The Wellcome Trust is an independent charity, based in London, which funds research to improve human and animal health. The trust has an extensive library that includes an eclectic mix of photographs, paintings, prints, and drawings, many of which are now available online through Wellcome Images. Visitors to the site can browse by subject categories or search. The images are not large, but they would work fine for PowerPoint.

Historic Maps

Thursday, January 7th, 2010

Happy New Year! Today I learned about an Israeli website that provides a wealth of historic map images. Historic Cities has maps of major cities from around Europe, the Middle East, and parts of Africa. Most of the map images are available in low resolution (about right for PowerPoint) and high resolution (some are nearly 3000 pixels on the long side). For some of the cities, links to maps on other sites have also been provided.
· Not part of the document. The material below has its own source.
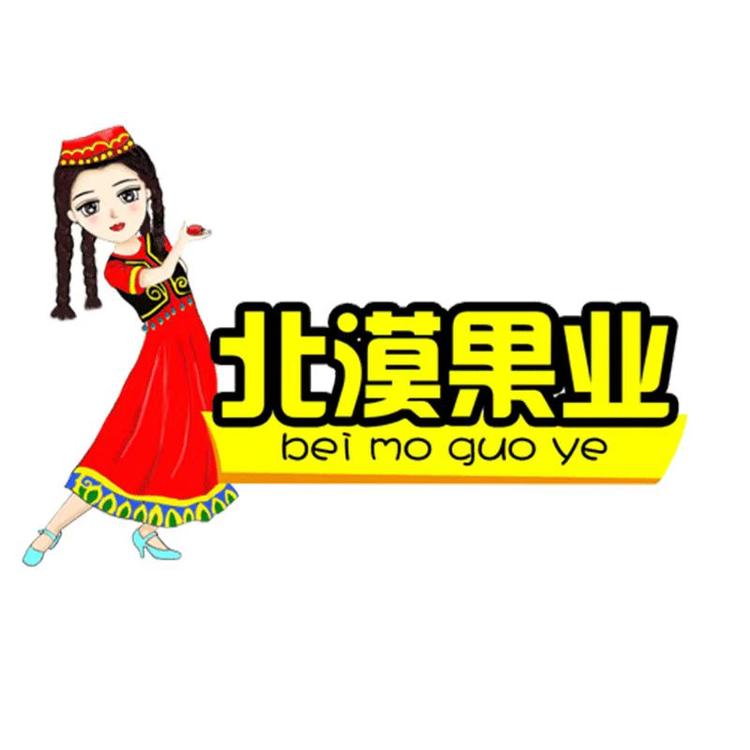 北漠果业官方旗舰店小店Logo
Interactive Nolli Map of Rome

Friday, July 10th, 2009

Today’s edition of The Scout Report has an entry on the interactive version of the Nolli Map of Rome that has been put on the web by the University of Oregon. The map engine is flash-based, which means it is not possible to right-click (ctrl-click on a Mac) to save a portion. However, on a Mac, it is possible to press command (apple)-shift-4 then use the cross-hairs to outline the image you want to capture. This creates a png file on your desktop, which can be used in PowerPoint. The file will have to be converted to a jpg to be imported into a soaMDID personal collection. Here is an example of what one of these screenshots looks like.
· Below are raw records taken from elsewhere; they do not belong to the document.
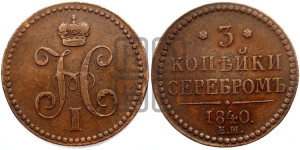3 копейки 1840 года ЕМ (“Серебром”, ЕМ, с вензелем Николая I)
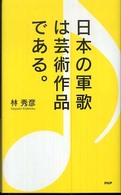 日本の軍歌は芸術作品である。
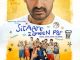 Sitaare Zameen Par (2025) MOVIE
Online Archive of California

Wednesday, June 3rd, 2009

The Online Archive of California provides access to collections from a variety of California institutions, many of which include images. These are primarily photographs, prints, and posters. While much of it relates to California, the coverage goes much farther afield. It is possible to browse by topic or search. Good size images are available by clicking for a larger view or clicking to zoom in to the desired detail.
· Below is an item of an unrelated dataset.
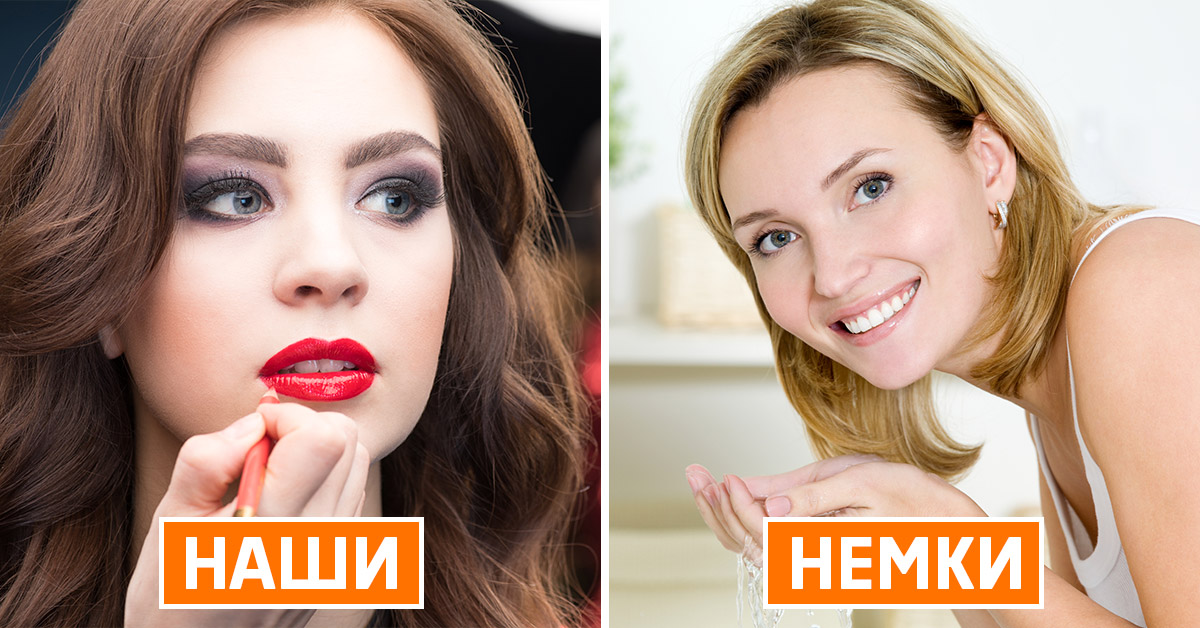 Жизнь в Германии: особенности быта немцев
Getty Research Library Digital Collections

Wednesday, June 3rd, 2009

The Getty Research Library has been digitizing some of their special collections to make them available online. Currently these collections include early photography in Greece and the Mediterranean, images of festivals (mostly drawings and prints), prints created after Poussin paintings, and photography in Mexico. Image size is sufficient for PowerPoint. Each collection has one or more webpages describing the collection and its contents.

World War I and II Posters

Wednesday, June 3rd, 2009

The University of North Texas has scanned a large collection (nearly 500) posters from World Wars I and II. The images are large, plenty big enough for digital projection, and the cataloging is extensive. It is possible to browse or search the collection.